## Dataset extract

Content starts

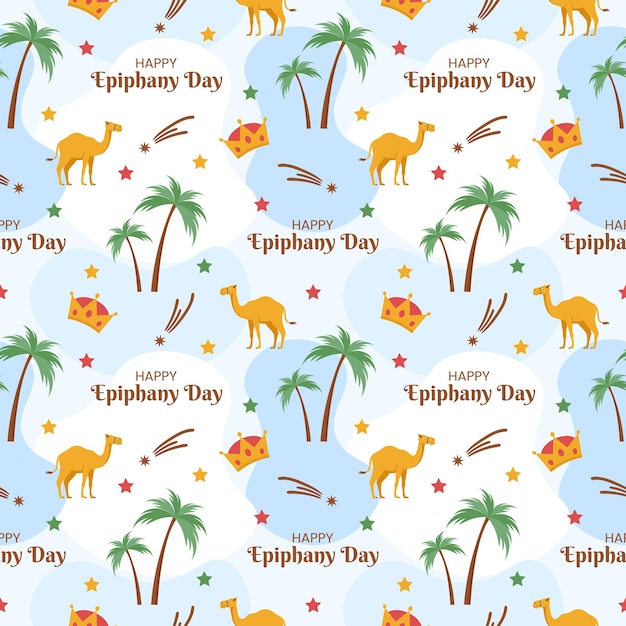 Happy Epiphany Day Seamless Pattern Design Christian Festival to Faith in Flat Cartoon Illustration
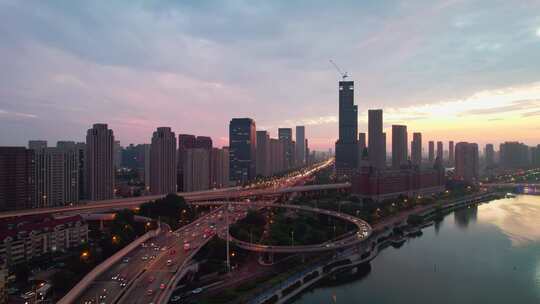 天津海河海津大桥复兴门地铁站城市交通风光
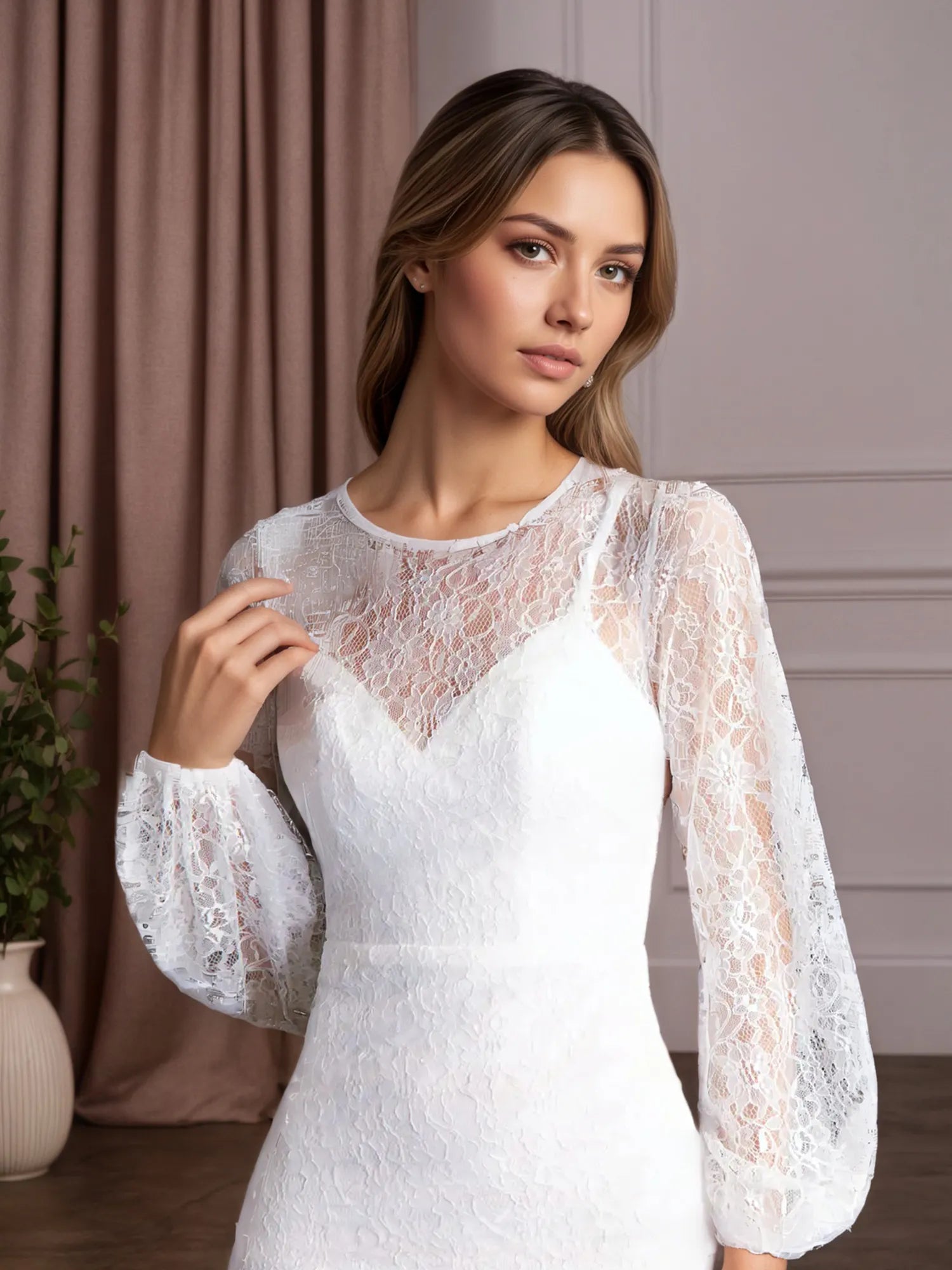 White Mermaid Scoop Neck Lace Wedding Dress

Content ends

## The problem
Give back each line above verbatim, dropping every picture.

## Result of this exercise
 Happy Epiphany Day Seamless Pattern Design Christian Festival to Faith in Flat Cartoon Illustration
 天津海河海津大桥复兴门地铁站城市交通风光
 White Mermaid Scoop Neck Lace Wedding Dress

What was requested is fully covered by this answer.